Rechter keurt eenzijdige loonsverlaging goed
Een in financiële nood verkerende werkgever ging na meerdere verstrekkende maatregelen over tot het eenzijdig verlagen van de lonen van werknemers. Dit tot onvrede van een deel van het personeel. De rechtbank in Overijssel keurde het loonoffer goed.

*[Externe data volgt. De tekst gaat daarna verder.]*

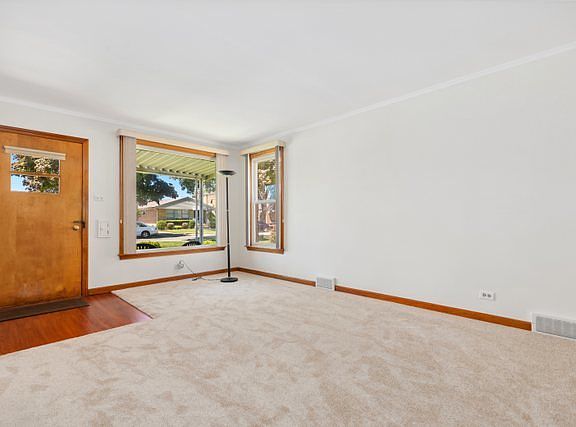 4th image of 1627 N 23rd Ave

De zaak draaide om een producent van spuitgietmachines. Door aanhoudende financiële problemen had de werkgever meerdere reorganisaties doorgevoerd met gedwongen ontslagen tot gevolg. Omdat de maatregelen niet voldoende bleken om het tij te keren, zag de werkgever zich genoodzaakt om onder meer een eenzijdige salariswijziging (artikel) door te voeren. Deze maatregel werd gesteund door de ondernemingsraad. De werkgever informeerde de werknemers over het loonoffer in een brief, waarin ook een compensatieregeling werd aangekondigd.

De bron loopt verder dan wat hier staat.